**** DATA PROVIDED

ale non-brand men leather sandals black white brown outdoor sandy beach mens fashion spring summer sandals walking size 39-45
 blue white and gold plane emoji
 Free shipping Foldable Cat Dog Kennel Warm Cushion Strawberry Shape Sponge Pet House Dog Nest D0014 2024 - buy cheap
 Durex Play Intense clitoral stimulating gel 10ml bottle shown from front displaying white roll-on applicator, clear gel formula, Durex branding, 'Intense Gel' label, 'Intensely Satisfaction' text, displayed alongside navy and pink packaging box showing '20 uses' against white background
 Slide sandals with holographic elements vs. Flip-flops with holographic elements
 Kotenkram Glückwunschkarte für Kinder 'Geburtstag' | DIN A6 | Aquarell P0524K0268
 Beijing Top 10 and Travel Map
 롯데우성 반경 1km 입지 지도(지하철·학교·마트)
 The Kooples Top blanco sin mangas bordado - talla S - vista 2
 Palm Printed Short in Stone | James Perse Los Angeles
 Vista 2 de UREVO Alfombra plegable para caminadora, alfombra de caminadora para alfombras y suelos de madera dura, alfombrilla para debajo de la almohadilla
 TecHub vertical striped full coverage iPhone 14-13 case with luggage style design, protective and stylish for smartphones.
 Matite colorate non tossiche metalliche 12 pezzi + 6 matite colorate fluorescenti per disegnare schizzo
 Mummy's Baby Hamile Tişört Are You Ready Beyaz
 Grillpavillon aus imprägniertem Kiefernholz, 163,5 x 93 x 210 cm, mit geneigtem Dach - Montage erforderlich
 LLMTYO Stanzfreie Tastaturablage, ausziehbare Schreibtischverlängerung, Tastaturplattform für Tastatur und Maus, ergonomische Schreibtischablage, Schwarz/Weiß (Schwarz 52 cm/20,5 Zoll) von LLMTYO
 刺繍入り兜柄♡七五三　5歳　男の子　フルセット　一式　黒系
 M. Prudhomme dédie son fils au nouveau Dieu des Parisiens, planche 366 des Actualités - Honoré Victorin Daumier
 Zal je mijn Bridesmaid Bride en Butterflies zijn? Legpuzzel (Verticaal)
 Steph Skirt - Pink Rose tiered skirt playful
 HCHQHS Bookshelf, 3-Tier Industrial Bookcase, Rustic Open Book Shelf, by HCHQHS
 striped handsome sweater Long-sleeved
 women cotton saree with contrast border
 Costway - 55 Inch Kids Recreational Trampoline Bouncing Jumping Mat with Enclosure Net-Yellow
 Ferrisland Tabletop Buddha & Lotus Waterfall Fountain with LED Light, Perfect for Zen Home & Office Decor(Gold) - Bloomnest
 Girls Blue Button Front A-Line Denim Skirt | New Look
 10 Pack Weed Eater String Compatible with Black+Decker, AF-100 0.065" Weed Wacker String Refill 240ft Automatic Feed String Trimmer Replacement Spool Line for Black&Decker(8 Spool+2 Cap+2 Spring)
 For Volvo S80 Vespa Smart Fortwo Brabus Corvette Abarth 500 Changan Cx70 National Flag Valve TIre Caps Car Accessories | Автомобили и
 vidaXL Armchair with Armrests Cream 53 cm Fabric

********

Transcribe only the lines from the beginning of the entries to the line with "Durex Play Intense", inclusive, exactly as written.

◆ RESULT OF THE EXERCISE
ale non-brand men leather sandals black white brown outdoor sandy beach mens fashion spring summer sandals walking size 39-45
 blue white and gold plane emoji
 Free shipping Foldable Cat Dog Kennel Warm Cushion Strawberry Shape Sponge Pet House Dog Nest D0014 2024 - buy cheap
 Durex Play Intense clitoral stimulating gel 10ml bottle shown from front displaying white roll-on applicator, clear gel formula, Durex branding, 'Intense Gel' label, 'Intensely Satisfaction' text, displayed alongside navy and pink packaging box showing '20 uses' against white background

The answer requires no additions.